A complicated system of checks
But Trump’s approach is set to collide with constitutional limits on federal power, with election law experts predicting it will be one of the fastest policies to be enjoined as litigation moves ahead.
Derek Muller, a law professor at the University of Notre Dame, told the Washington Examiner that the order raises both constitutional and practical concerns about how such a system could function.
“It’s very complicated,” Muller said, noting the order appears to contemplate multiple overlapping voter lists maintained by states, federal agencies, and the Postal Service. “There are just all these practical logistical concerns with election administration that are not conducive to this kind of layer of federal oversight.”
U.S. elections are uniquely decentralized, conducted by election officials across thousands of state and local jurisdictions rather than by a single national system. The Constitution’s elections clause gives Congress the authority to “make or alter” election rules for federal offices, but it does not grant the president direct control over how elections are administered.
Among the biggest hurdles for the Trump administration is timing. The order suggests states would need to submit verified voter lists well ahead of elections, even though many states allow voter registration and absentee ballot requests close to, or even on, Election Day.

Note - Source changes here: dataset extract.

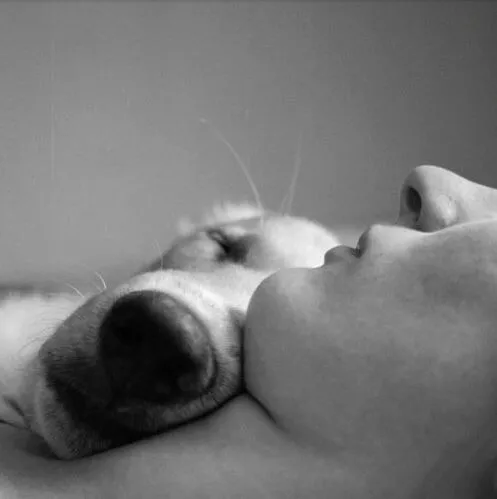 Animal Health Care of Marlboro Picture 4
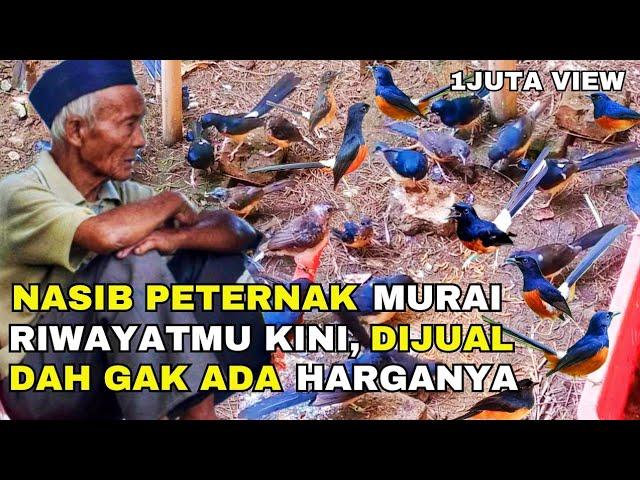 NASIB PETERNAK MURAI RIWAYATMU KINI, AKIBAT PERSAINGAN HARGA SAMA PEDAGANG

“There are real feasibility concerns in trying to make something like this happen,” Muller said.
Even as lawsuits move forward, Muller said the path of enforcement could be uneven. Early injunctions in some states are likely, but it remains unclear how broadly those rulings would apply nationwide.
A key question is how states not covered by injunctions, particularly Republican-led states, might respond.
“I do think there is a degree of uncertainty about what might happen,” Muller said, noting some states could face competing pressures between complying with the administration’s order and adhering to their own election laws. That could lead to additional litigation or a patchwork system in which the order is enforced in some states but blocked in others.
At the same time, Muller said certain elements of the plan, such as voluntary data-sharing between states and federal agencies to verify citizenship, could have practical value if implemented carefully and used as a back-end check to ensure that only eligible citizens are participating in elections nationwide.
Other election analysts said the mechanics of the system outlined in the order remain unclear, particularly when it comes to how different federal and state voter lists would interact.
For example, the order appears to contemplate at least three separate databases, including a federal citizenship list compiled by DHS, a state-generated list of voters eligible to receive mail ballots, and a Postal Service list of individuals authorized to receive and return ballots through the mail.
But what the order does not clearly explain is how those lists are supposed to connect or which list ultimately governs who can vote by mail.
TRUMP ORDERS POSTAL SERVICE TO LIMIT MAIL BALLOTS TO VOTERS ON NEW DHS-APPROVED LISTS
“This executive order doesn’t make clear how the administration will even do what they say they’re doing,” election lawyer Aaron Blacksberg told Votebeat, pointing to the lack of direction on how the lists would be reconciled or enforced.
However, the order directs the Postal Service to develop rules governing the system by May 30, suggesting key details of how the verification process would be executed are still in the works.